En résumé, l’inflation permet d’emplir les coffres de Québec et d’Ottawa sans que ces dernières n’aient à lever le petit doigt. Les villes, qui sont pourtant des gouvernements de proximité, sont contraintes de considérer des hausses de taxes foncières visibles auprès de citoyennes et citoyens déjà étranglés par l’inflation ou une diminution marquée de services essentiels et de proximité. Si les gouvernements canadien et québécois peuvent recourir aux déficits pour financer leurs programmes, la législation provinciale prive les villes de cette possibilité et force la présentation de budgets équilibrés.

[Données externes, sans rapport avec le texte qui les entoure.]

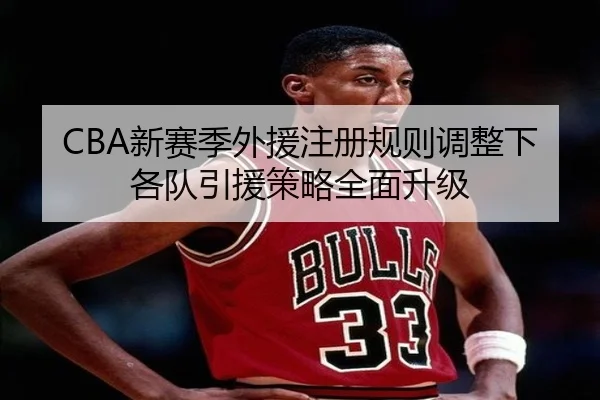 CBA新赛季外援注册规则调整下各队引援策略全面升级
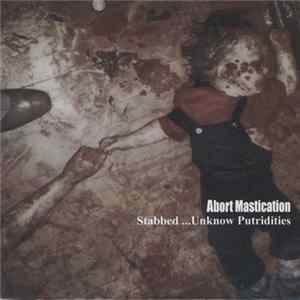 Abort Mastication / Patisserie - Stabbed ...Unknown Putridities / Eschatolal Hypertrology FLAC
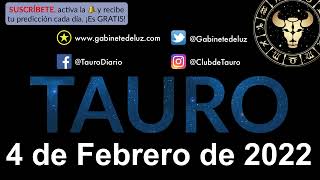 Horóscopo Diario - Tauro - 4 de Febrero de 2022.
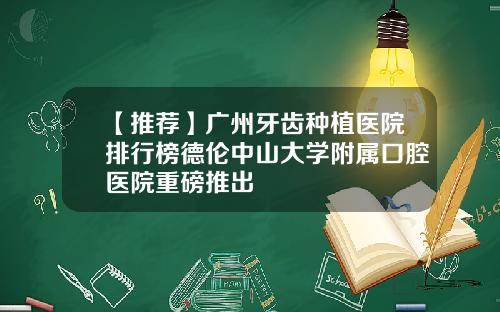 【推荐】广州牙齿种植医院排行榜德伦中山大学附属口腔医院重磅推出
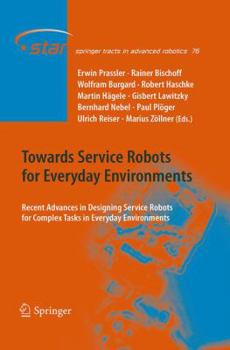 Paperback Towards Service Robots for Everyday Environments: Recent Advances in Designing Service Robots for Complex Tasks in Everyday Environments Book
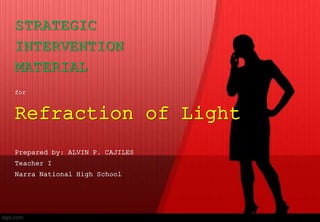 STRATEGIC
INTERVENTION
MATERIAL
for
Refraction of Light
Prepared by: ALVIN P. CAJILES
Teacher I
Narra National High School
 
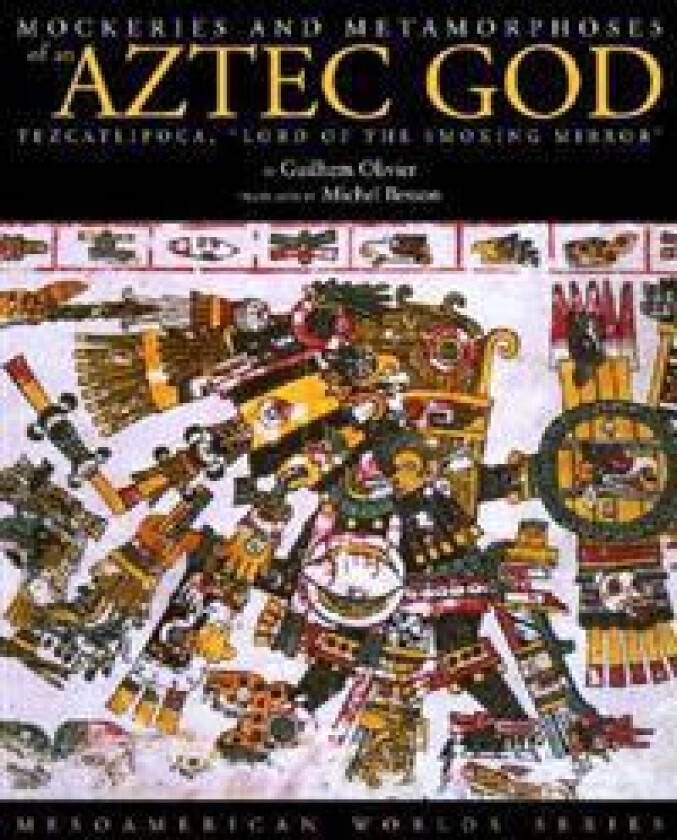 Mockeries and Metamorphoses of an Aztec God
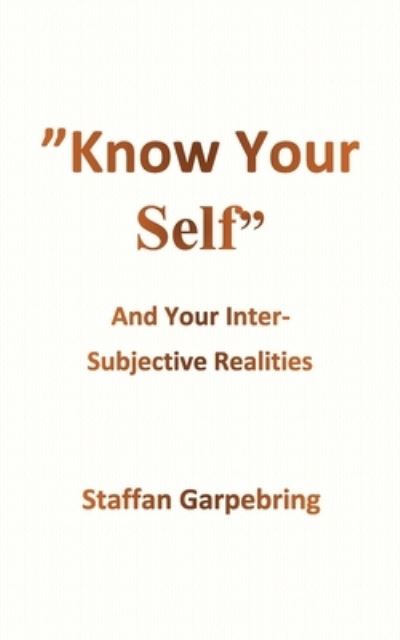 Cover for Staffan Garpebring · Know Your Self (Book) (2023)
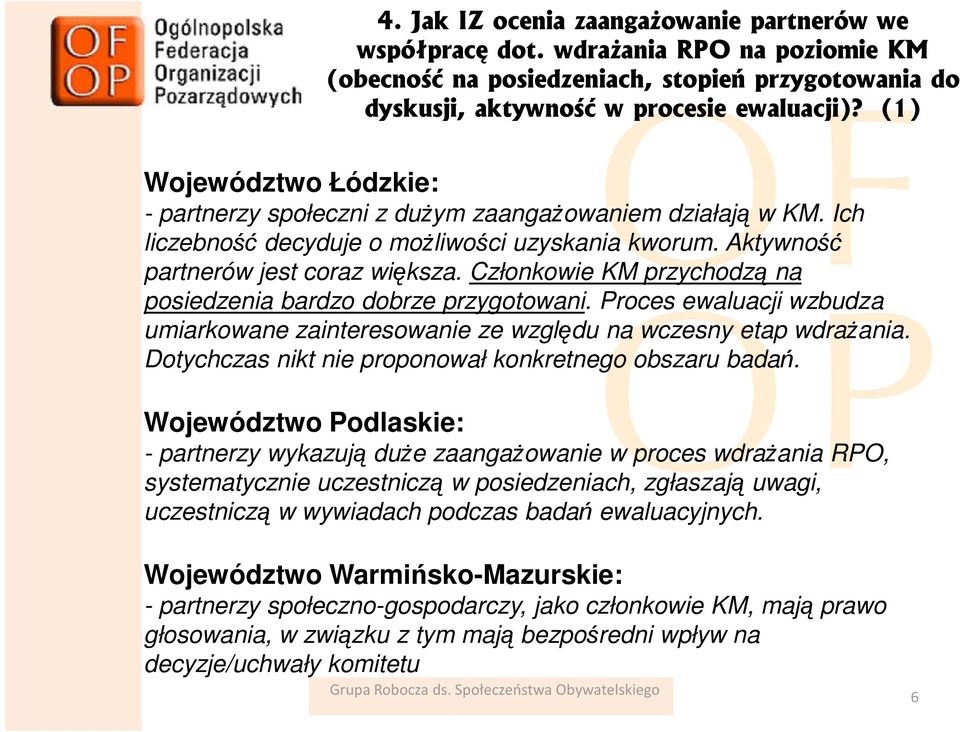 Członkowie KM przychodzą na posiedzenia bardzo dobrze przygotowani. Proces ewaluacji wzbudza umiarkowane zainteresowanie ze względu na wczesny etap wdraŝania.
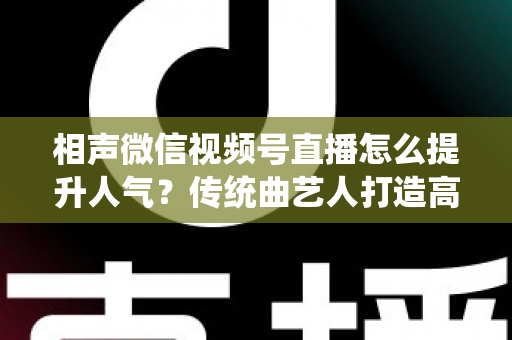 相声微信视频号直播怎么提升人气?传统曲艺人打造高人气直播间的全方位实战指南 相声微信视频号直播怎么提升人气?传统曲艺人打造高人气直播间的全方位实战指南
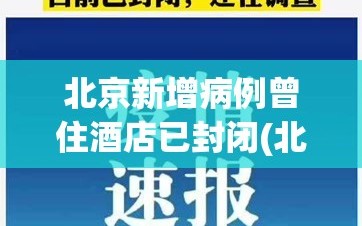 北京新增病例曾住酒店已封闭(北京新增病例所在楼已封闭)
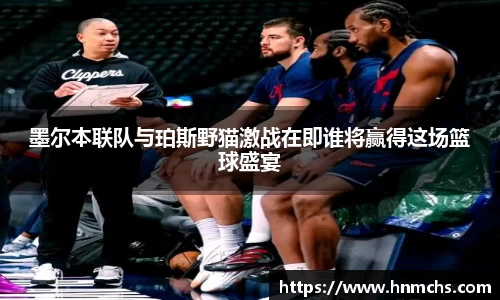 墨尔本联队与珀斯野猫激战在即谁将赢得这场篮球盛宴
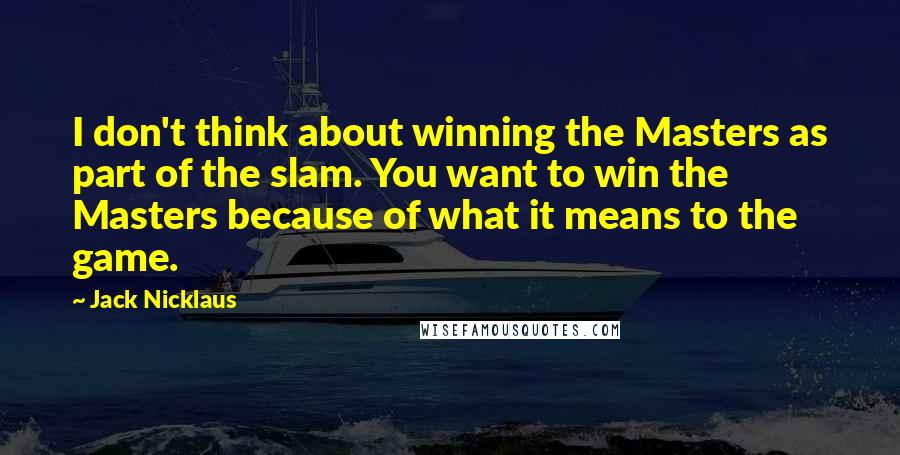 Jack Nicklaus Quotes: I don't think about winning the Masters as part of the slam. You want to win the Masters because of what it means to the game.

Disons-le franchement : il y a entre deux ordres de gouvernement, Québec et les villes, un déséquilibre fiscal massif et structurel, qui ne peut plus être ignoré.

Au fil des ans, Québec a imposé des normes de plus en plus élevées à respecter en matière d’environnement, de santé et sécurité, de protection du patrimoine, de protection civile et autres responsabilités municipales. Ces normes plus strictes entraînent des augmentations de coûts pour les villes.

Qui plus est, les compensations tenant lieu de taxes pour les écoles, hôpitaux et autres édifices gouvernementaux ne correspondent qu’à de 71,5 % à 84,5 % de la taxe foncière. C’est donc dire que les municipalités subventionnent les services qu’elles offrent aux édifices gouvernementaux.

Bref, ce que Québec donne d’une main dans les récents pactes fiscaux, il le reprend souvent de l’autre en déchargeant de nouvelles responsabilités dans la cour des villes.

Je serai présent au Sommet électoral de l’Union des municipalités du Québec, le 16 septembre à Montréal, où les élus municipaux entendront les chefs des partis politiques se positionner sur divers enjeux, dont les finances et la fiscalité.

À la veille de ce sommet, je me permets d’y aller d’un conseil aux chefs qui y seront : de grâce, évitez la tentation de profiter de cette apparente abondance pour procéder à une surenchère de dépenses électorales ou de réductions d’impôts pendant que les municipalités seront confrontées à des choix déchirants.

Après tout, nous servons la même population, les mêmes citoyennes et citoyens, les mêmes contribuables.

À n’en pas douter, l’écart entre la capacité fiscale du gouvernement du Québec et les gouvernements municipaux constitue bel et bien un déséquilibre fiscal structurel. Régler ce déséquilibre devra être une priorité du prochain gouvernement du Québec.